If Exmon and the above methods do not provide the data that is necessary to get root cause, then collect a portion of Store transaction log files (100 would be a good start) during the problem period and parse them following the directions in http://blogs.msdn.com/scottos/archive/2007/11/07/remix-using-powershell-to-parse-ese-transaction-logs.aspx to look for possible patterns such as high pattern counts for IPM.Appointment. This will give you a high level overview if something is looping or a high rate of messages being sent.

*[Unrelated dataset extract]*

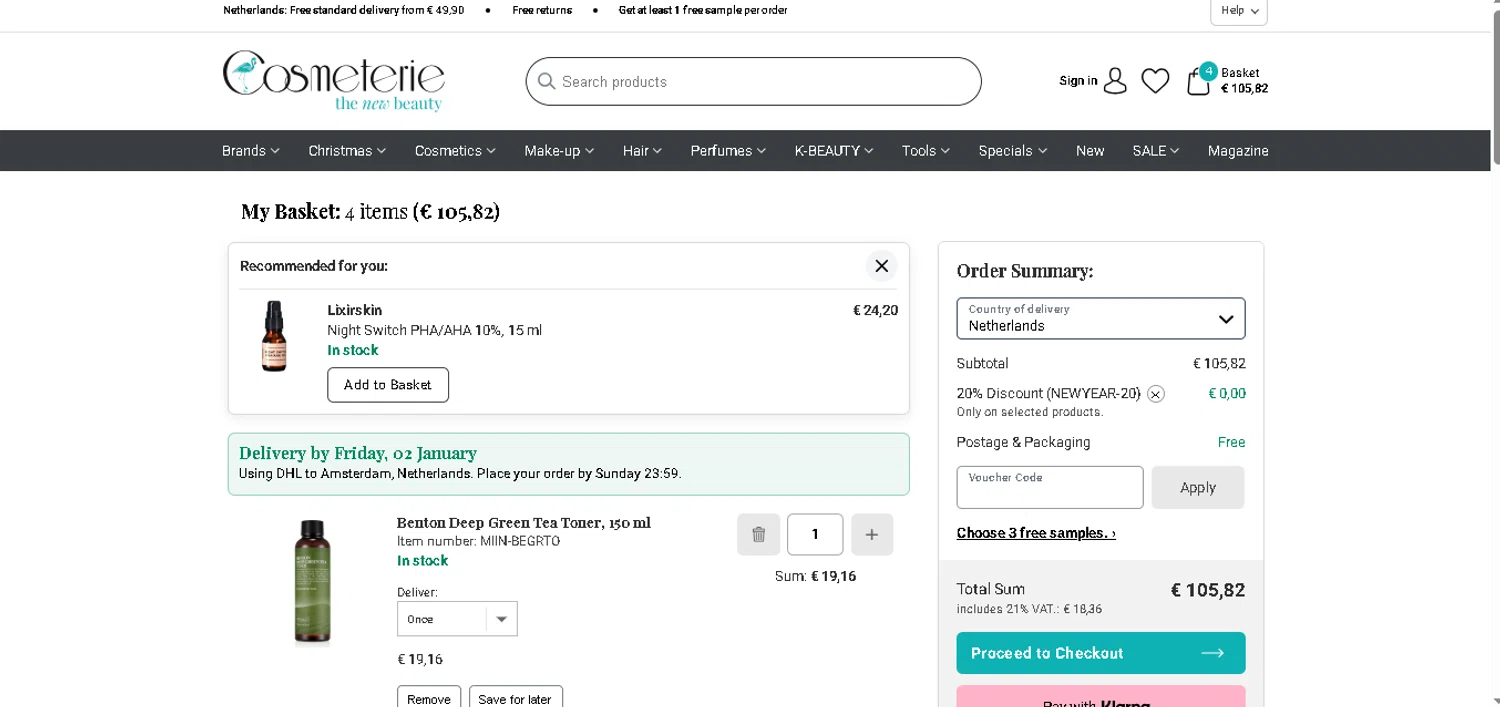 Cosmeterie discount code screenshot showing code NEWYEAR-20 applied at Cosmeterie checkout page. Uploaded by SimplyCodes community member CodeExpert7814 on Dec 25, 2025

Note: This tool may or may not provide any benefit depending on the data that is stored in the log files, but sometimes will show data that is MIME encoded that will help with your investigation

Step 9

If nothing is found by parsing the transaction log files, we can check for a rogue, corrupted, and large message in transit:

1. Check current queues against all HUB Transport Servers for stuck or queued messages:

get-exchangeserver | where {$_.IsHubTransportServer -eq "true"} | Get-Queue | where {$_.Deliverytype –eq “MapiDelivery”} | Select-Object Identity, NextHopDomain, Status, MessageCount | export-csv  HubQueues.csv

Review queues for any that are in retry or have a lot of messages queued:

Export out message sizes in MB in all Hub Transport queues to see if any large messages are being sent through the queues:

get-exchangeserver | where {$_.ishubtransportserver -eq "true"} | get-message –resultsize unlimited | Select-Object Identity,Subject,status,LastError,RetryCount,queue,@{Name="Message Size MB";expression={$_.size.toMB()}} | sort-object -property size –descending | export-csv HubMessages.csv

Export out message sizes in Bytes in all Hub Transport queues:

get-exchangeserver | where {$_.ishubtransportserver -eq "true"} | get-message –resultsize unlimited | Select-Object Identity,Subject,status,LastError,RetryCount,queue,size | sort-object -property size –descending | export-csv HubMessages.csv

2. Check Users Outbox for any large, looping, or stranded messages that might be affecting overall Log Growth.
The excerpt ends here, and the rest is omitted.